[Collection entries]

- - - -

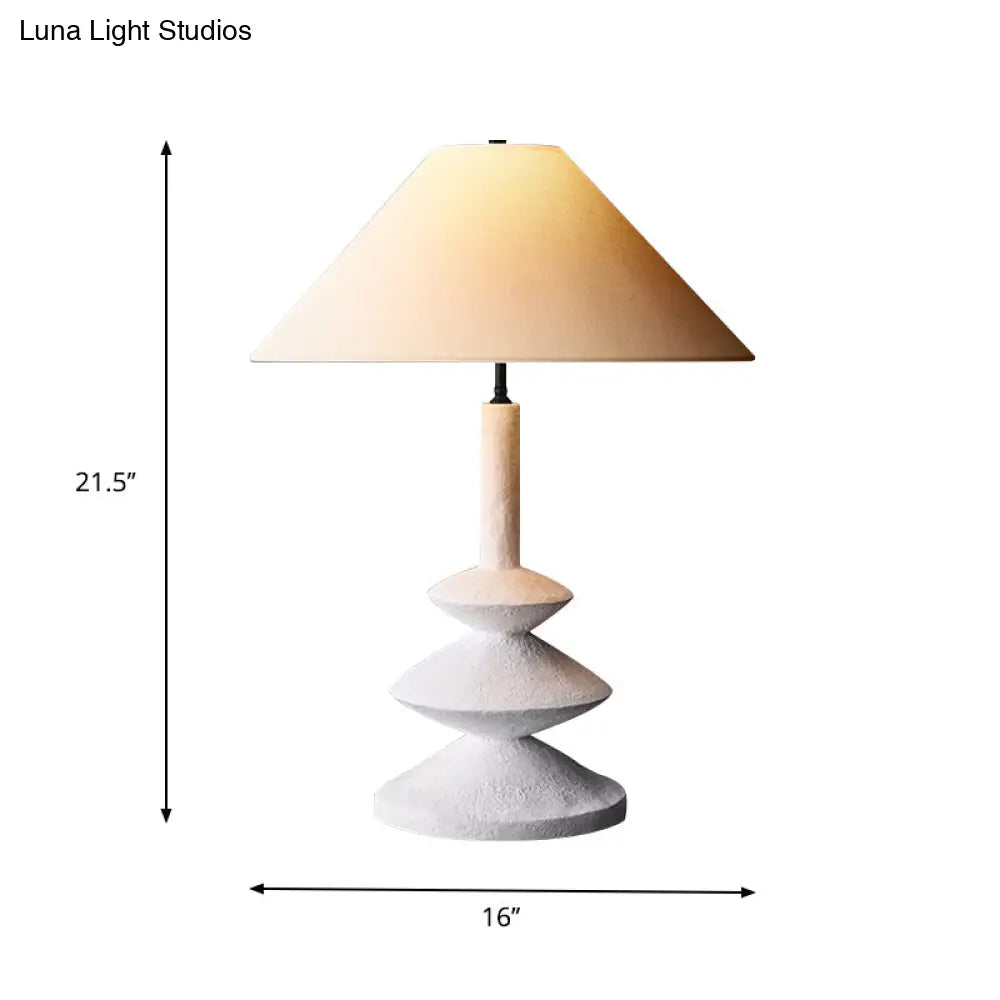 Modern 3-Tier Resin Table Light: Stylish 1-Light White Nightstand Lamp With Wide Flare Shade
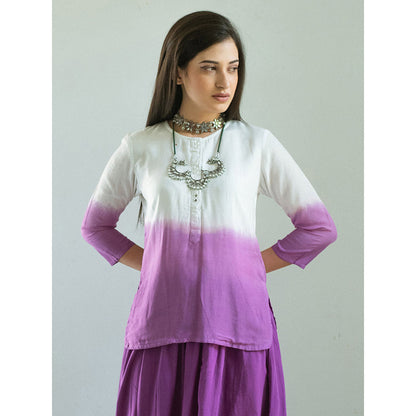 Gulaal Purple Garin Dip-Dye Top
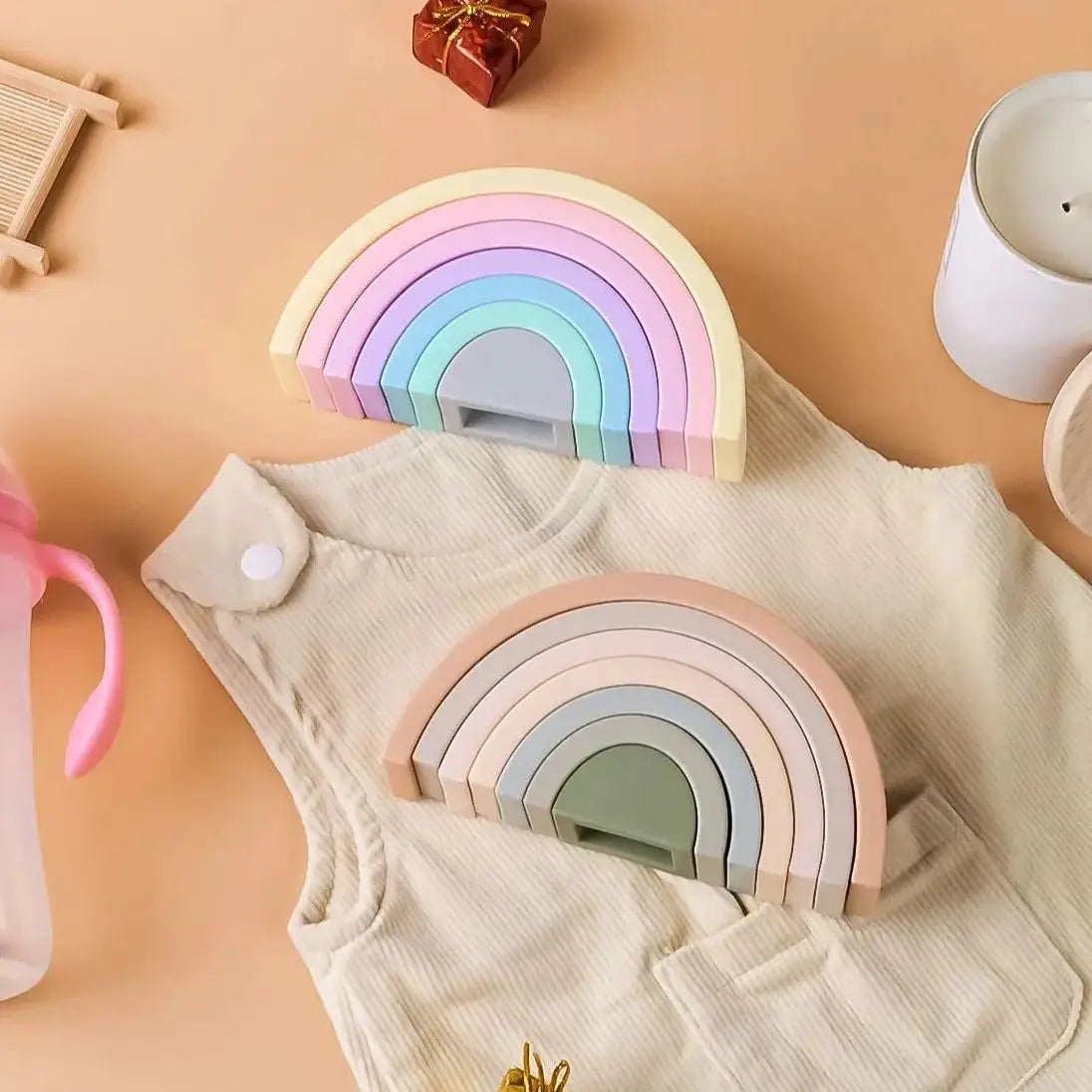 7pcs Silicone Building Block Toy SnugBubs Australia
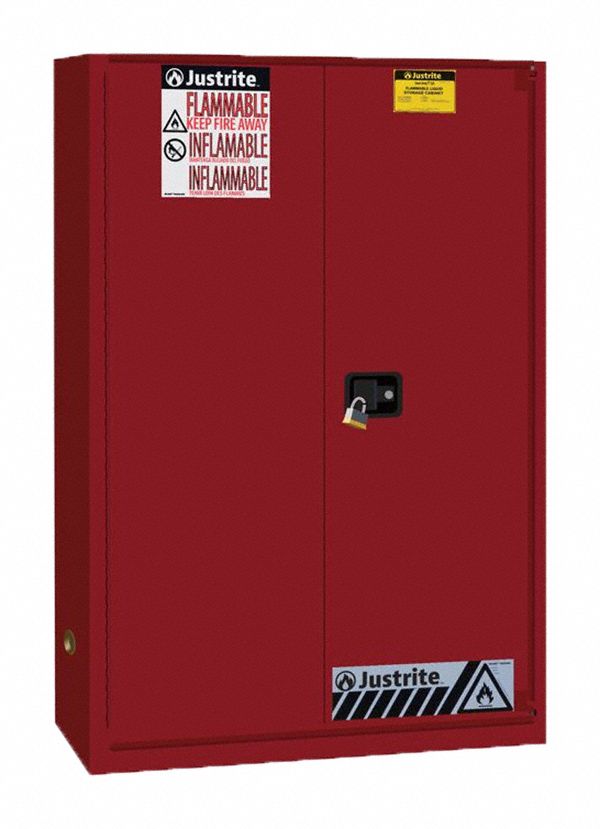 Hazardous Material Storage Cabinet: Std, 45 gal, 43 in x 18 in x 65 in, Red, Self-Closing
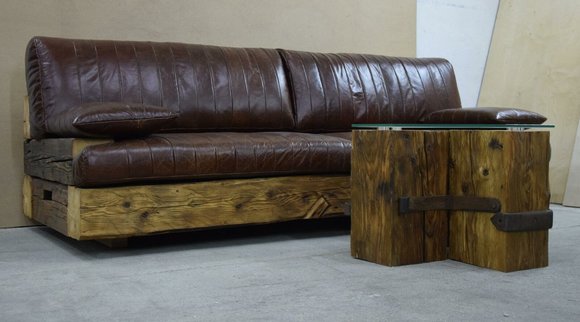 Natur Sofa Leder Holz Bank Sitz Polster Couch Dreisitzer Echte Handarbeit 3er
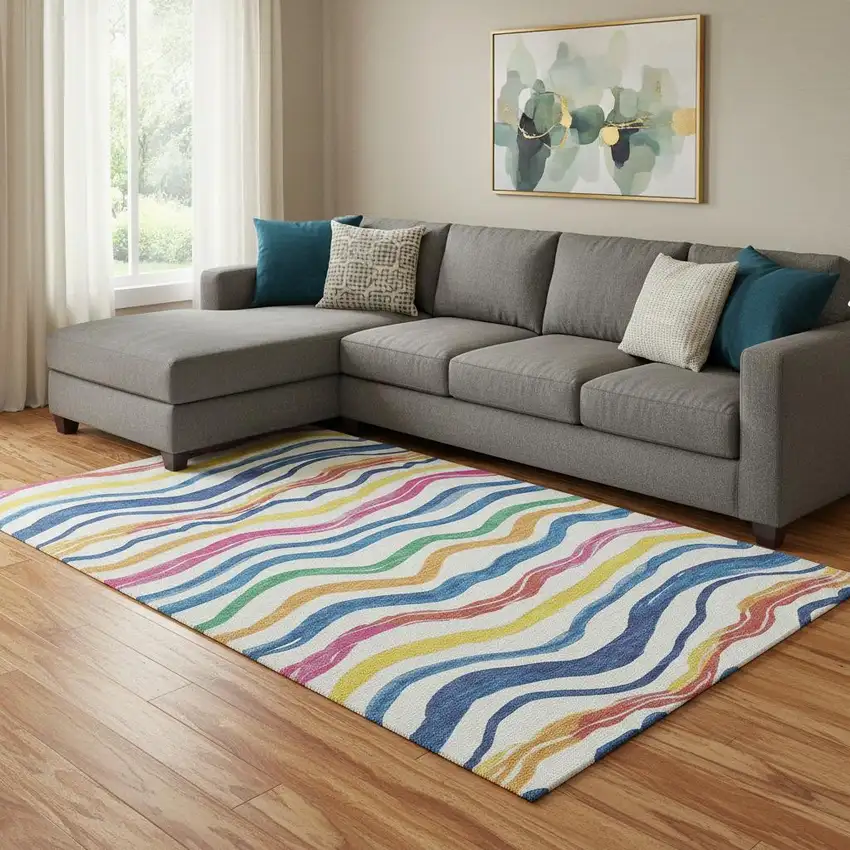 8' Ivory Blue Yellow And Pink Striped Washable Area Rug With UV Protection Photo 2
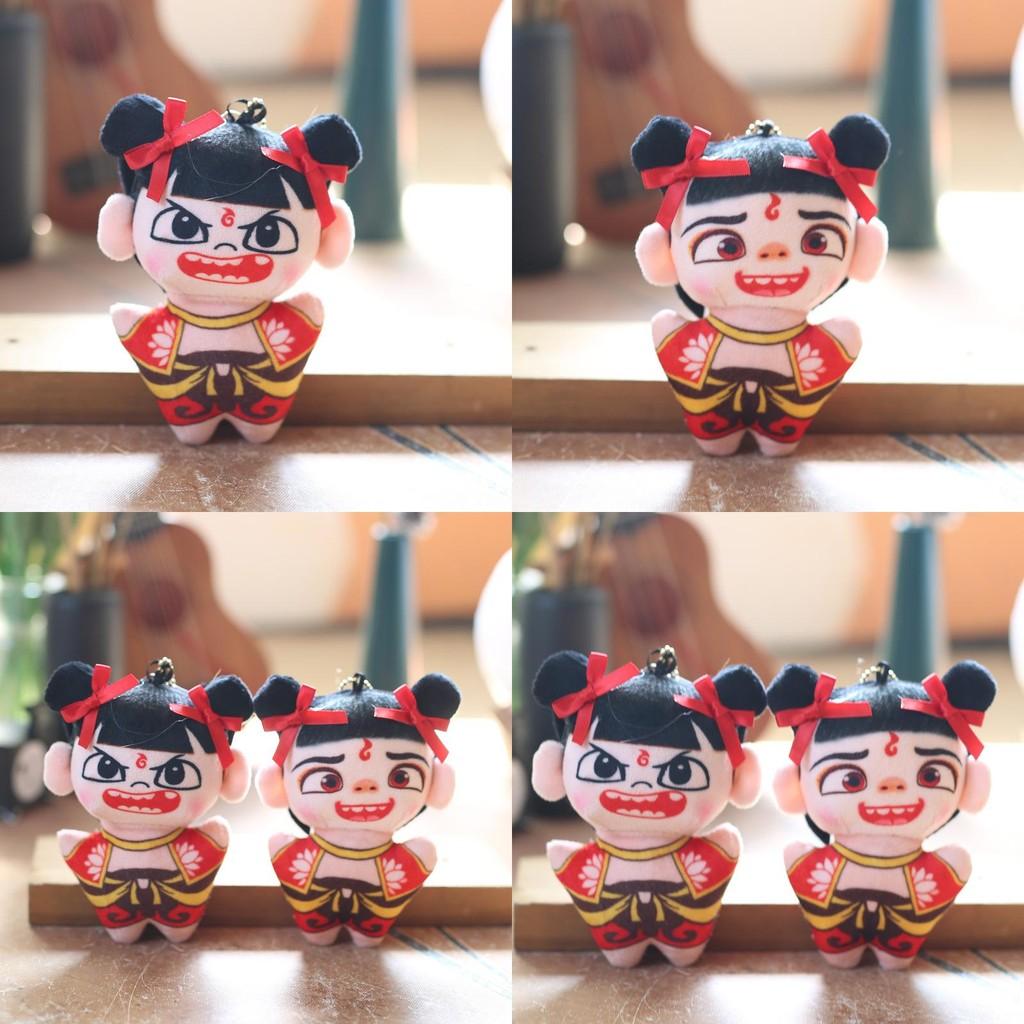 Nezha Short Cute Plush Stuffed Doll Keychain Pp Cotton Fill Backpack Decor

- - - -

_WORK REQUEST_
Start at the line that contains "7pcs Silicone Building" and retype every line through the end of the entries above, both ends included. Exclude all pictures.

_ANSWER SECTION_
 7pcs Silicone Building Block Toy SnugBubs Australia
 Hazardous Material Storage Cabinet: Std, 45 gal, 43 in x 18 in x 65 in, Red, Self-Closing
 Natur Sofa Leder Holz Bank Sitz Polster Couch Dreisitzer Echte Handarbeit 3er
 8' Ivory Blue Yellow And Pink Striped Washable Area Rug With UV Protection Photo 2
 Nezha Short Cute Plush Stuffed Doll Keychain Pp Cotton Fill Backpack Decor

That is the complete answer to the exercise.